To ensure your company releases a user-acceptable product and there are no critical issues before its launch, hiring a QA team would be the best and fastest option. What is QA team exactly, and how many people should you hire or outsource for your projects? In this article, we’ll tell you more about the key QA team members, their roles, and their goals. Keep reading to get helpful insights for your company!
What is a QA Team Meaning and What Functions it Serves
A quality assurance team is responsible for maintaining product development standards. QA teams make sure that the product, service, or functions customers get either meet or exceed their expectations. This, in return, enhances your brand reputation and increases customer loyalty.
One of the primary purposes of a QA team is to create a standardized set of practices aimed at enhancing product quality and improving the workflow. As a result, a company saves time, money, and effort trying to make its products, specifically digital ones, more responsive, intuitive, and smooth.
QA team members can focus on different tasks and types of tests, and you can hire or outsource new people based on your specific needs. Plus, you may need these or that experts depending on the project’s complexity, developers’ experience, and the number of teammates already involved in production. That’s why the team size usually varies from case to case.
Usually, outsourcing companies offer all kinds of specialists and can gather a team from scratch.

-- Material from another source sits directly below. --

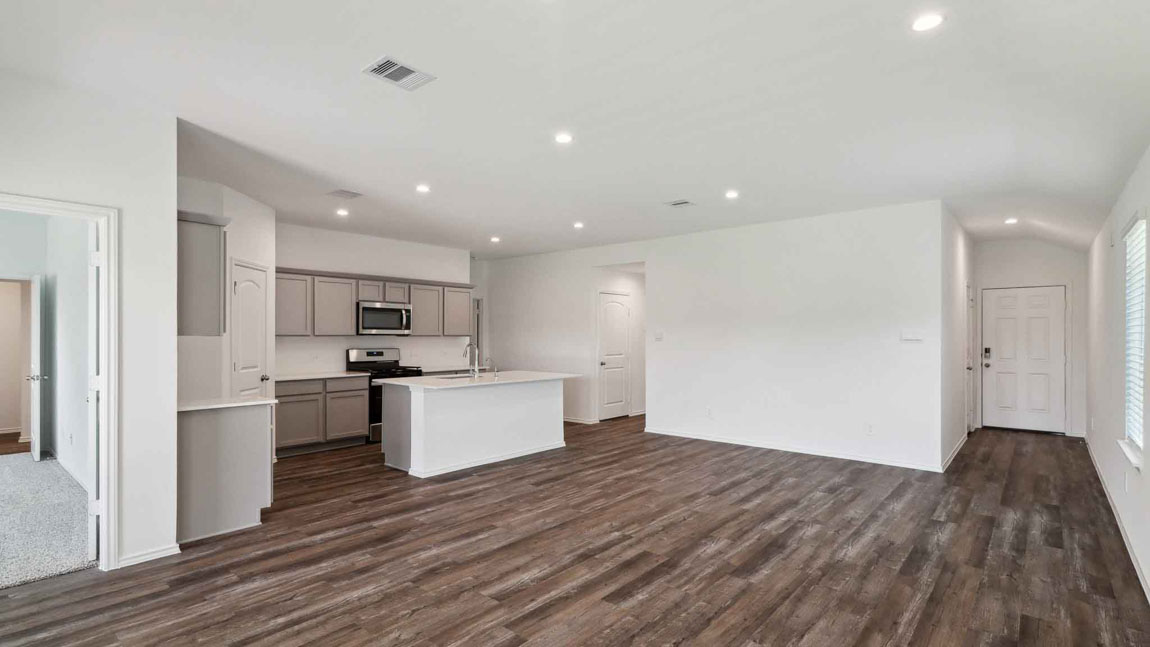 open concept living and dining area with vinyl flooring, large windows, and quartz countertops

If new tasks or issues occur, you’ll be able to adjust it due to your current needs. However, it’s crucial to pick a perfect QA team for your project and be deeply involved in the process yourself. Your product’s success depends on how you cooperate with your team as a client.
That’s why it’s essential to maintain consistent, regular communication with your team, clarify every point, and give suggestions for improving your team and product quality. Systematic communication ensures the team will complete a project just the way you wanted, or even exceed your expectations. To ensure this, try implementing internal UAT, organizing live sessions for clarifying project aspects, and running feedback discussions.
Giving more detail on what quality assurance teams do, here’s a list of main checks they run in the first place:
Simulation running
Among other QA team roles and responsibilities, the testing experts do simulation running. This is basically a representation of how software would work under given parameters. This is a necessary element of quality assurance as it allows your whole team to see if your product can work using the code and assets you want to use. Plus, with simulation, you can adjust how you want your app to work and bring more context to your requirements.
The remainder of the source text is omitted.